If you did provide a file name, and it got lost somewhere - then that
is a bug.

> What is a system identifier and why should it be reported in an
> exception when it is None?

I believe it is the SGML term for "file name". In SGML, documents may
have "public identifiers", in which case a globally well-known string
refers to the name of the document, and a system identifier - whose
meaning is understood only on the local computer system.

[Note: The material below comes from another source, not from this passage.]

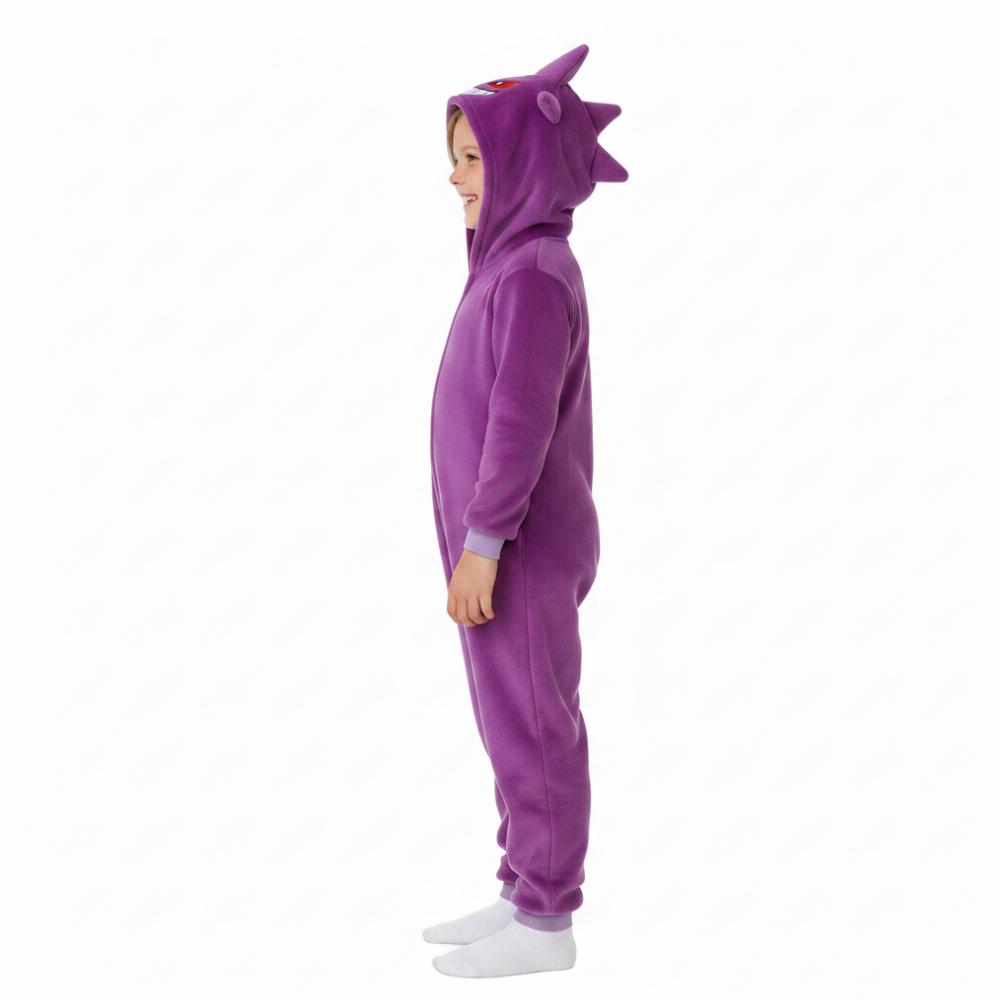 Onesie Kigurumi Pajamas Costume Pokemon Gengar Children' 105 - 115Cm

I also believe XML more specifically thinks of system identifiers as
URLs - although it is common to allow strings which are not URLs
(according to the RFC).

> There are three different pieces of
> information separated by colons.  I am accustomed to the notation
> filename:line number, but not another colon for the cursor position.

That's a matter of taste - you can write your own ErrorHandler if you
don't like the output. I personally understood immediately that
notation, as this is what Emacs supports as file locations.

> It would have been clearer, I think, if the message were more
> verbose and explained what each field was.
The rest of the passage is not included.